She pointed out that despite the general's declared policy of leading Pakistan toward "enlightened moderation," Al Qaeda and the Taliban have used northern Pakistan to regroup and the Taliban influence is seeping into other parts of the country.
She said she was appalled that Pakistan's government had made deals that allow foreign militants sway in parts of the country. She pointed out that the building of madrassas, religious schools that have been used to recruit militants, had increased.
Critics have long charged that the situation was not wholly different even under her rule, when Pakistan backed the Taliban and used Islamic extremist groups as levers against its neighbor, India, in their dispute over the border territory of Kashmir.
But Bhutto defended her government's performance in fighting terrorism, saying that even though she supported the Taliban in their early days, during her time in office there were no Qaeda terrorist training camps in Pakistan, and no terrorist acts anywhere in the world connected to Pakistan.
She said she had collaborated closely with the F.B.I. in the arrest of Ramzi Yousef, the man behind the 1993 bombing of the World Trade Center, and had cracked down on extremist groups. At least six terrorist plots, including the London transit bombings, have been traced to Pakistan since General Musharraf took power.
'Look at what there was in 2002, and see how much worse the situation has got by 2007," she said. Yet, Washington continues to support General Musharraf, she said, giving him billions of dollars in assistance since 2001.
Despite her alarm, Bhutto said she believed that the religious hard-liners in both the intelligence circle and jihadi groups were running out of options. And open and fair elections would show just how little support the religious parties and extremists actually have in the country, she said.
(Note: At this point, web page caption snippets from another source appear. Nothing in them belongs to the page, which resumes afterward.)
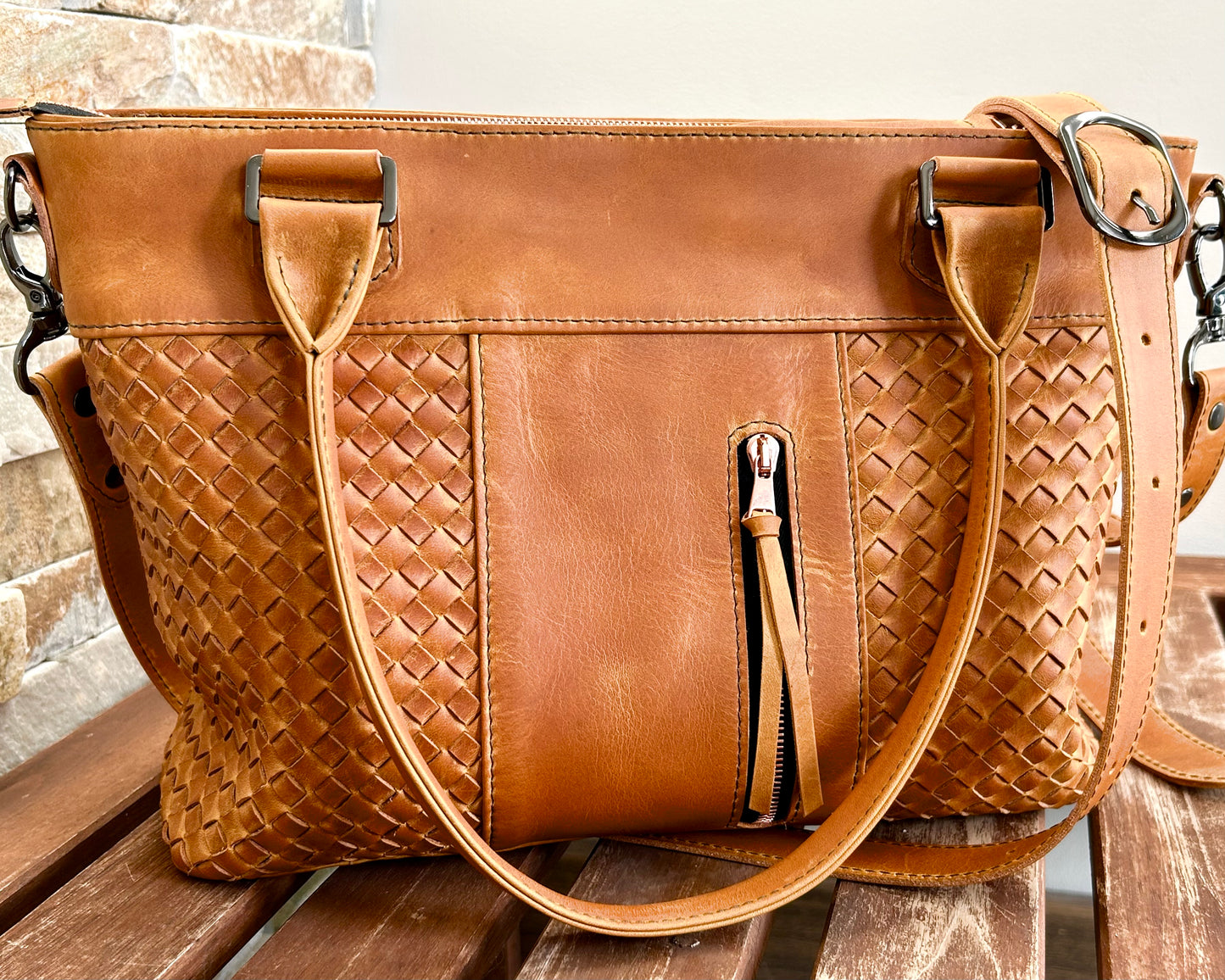 Woven Midsize Handbag Ochre
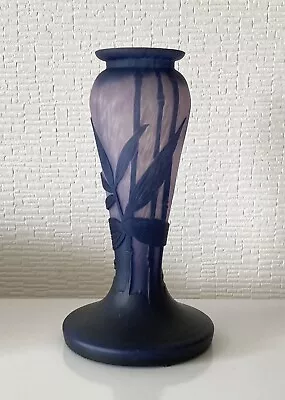 Buy De Vianne Art Nouveau French Cameo Glass Vase Bamboo Design • 126.04£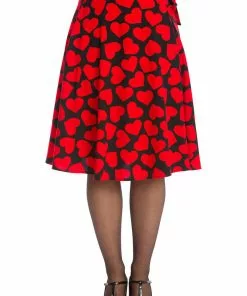Banned Romance Button Hearts 50's Swing Skirt Red New In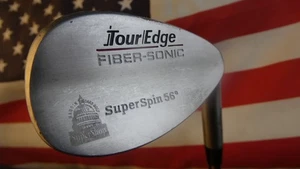 Tour Edge Fiber Sonic Super Spin SAND WEDGE 56* Regular Flex Steel VERY GOOD - Picture 1 of 6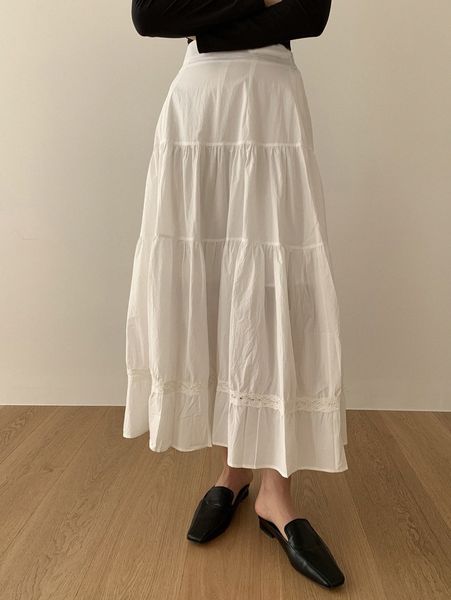 

dazy guipure lace insert flared skirt f7gg#, Black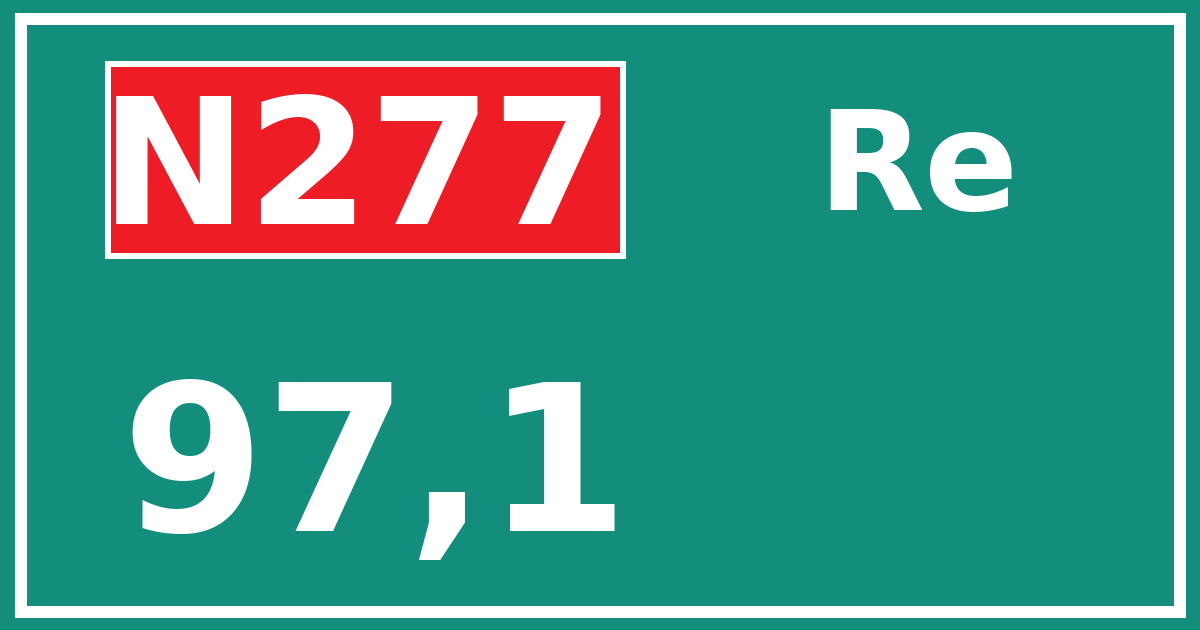 Hectometerbord N277 97,1 zijde Re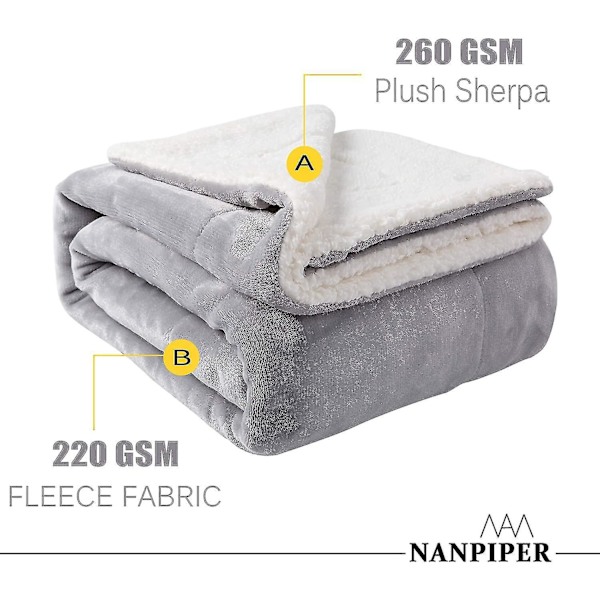 Sherpa Tæppe Varme Tæpper Til Vinter Super Blødt Fuzzy Flanel Fleece/uld Lignende Vendbar Velvet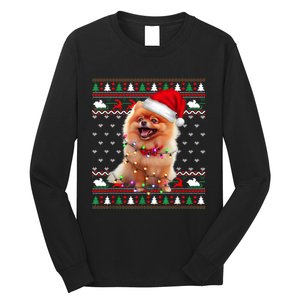 Pomeranian Christmas Ugly Sweater Funny Dog Lover Xmas Long Sleeve Shirt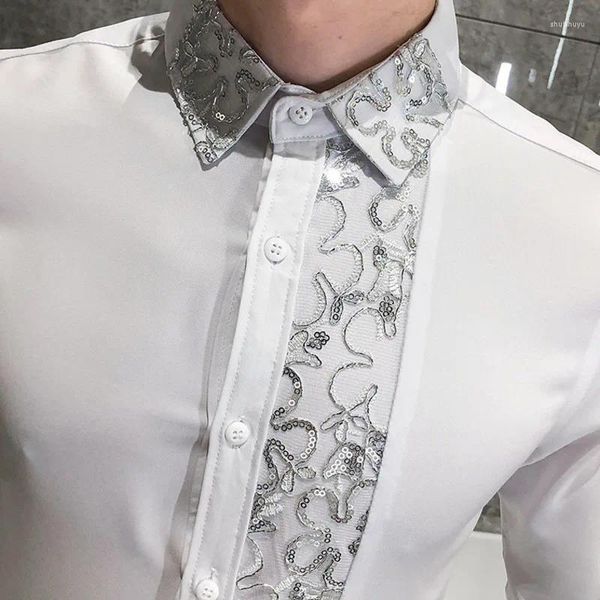 Camisas casuales para hombres Lentejuelas Vestido de novia Camisa Coreana Hombres Ropa 4XL Negro Blanco Mens Lace Manga larga Slim Fit Social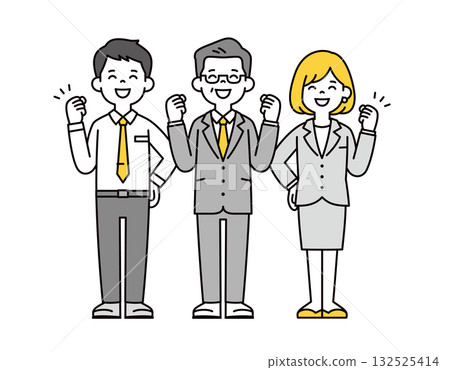 微笑、努力工作的資深管理人員和年輕的男女員工，全身向量插圖素材集 132525414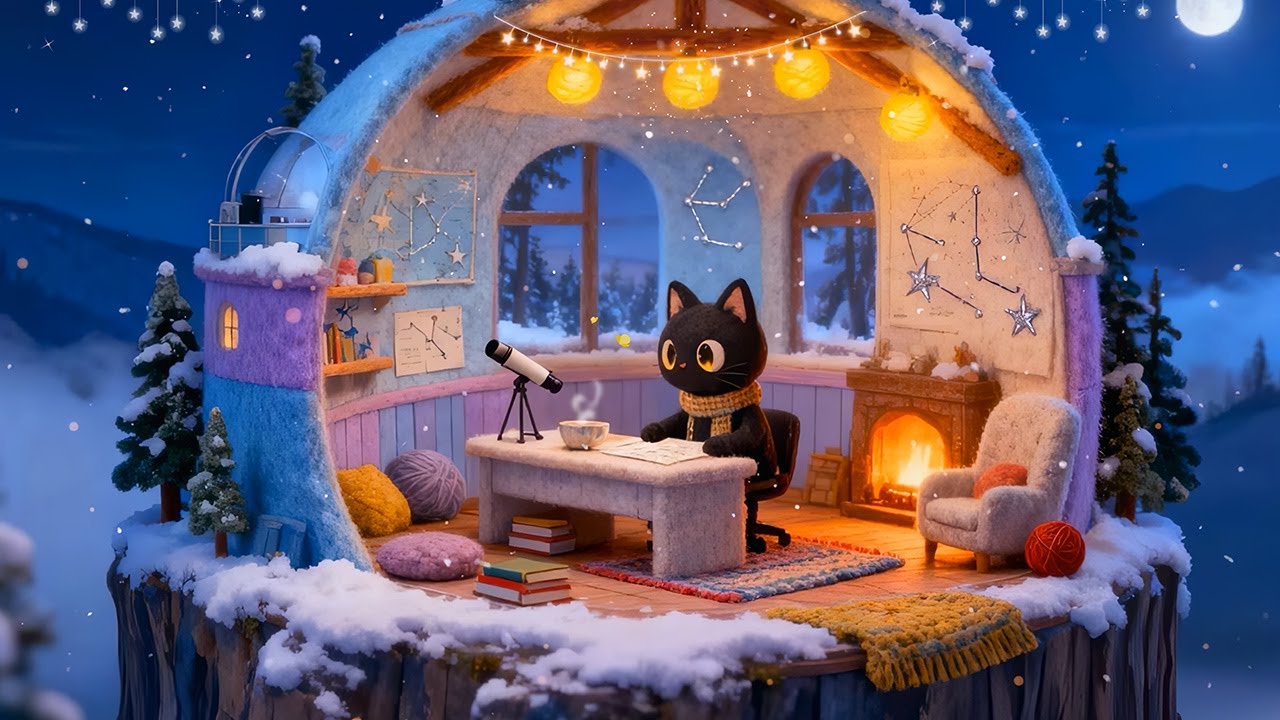 Stargazing Night With Cat 🔭 Lofi Music for a Snowy Night ❄️ Cozy Beats to Relax To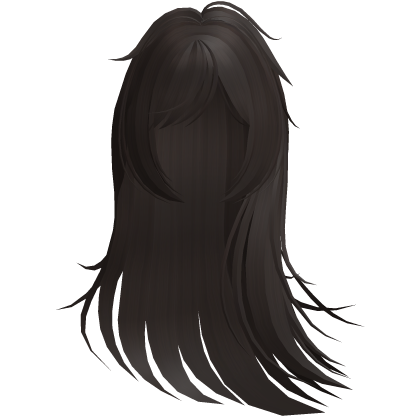 windy wispy long messy hair in brown Roblox item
"Elections are important because at the end of the day when we empower the people, the minority extremists will get totally marginalized and sidelined; their strength is being disproportionately blown up," she said.
"It is a battle for the heart and soul of Pakistan," she said. "It is also a battle for the rest of the Muslim world and the world at large. It is not just Pakistan; what we are doing in Pakistan has much larger implications not only on Afghanistan and India, but in my view for the larger world."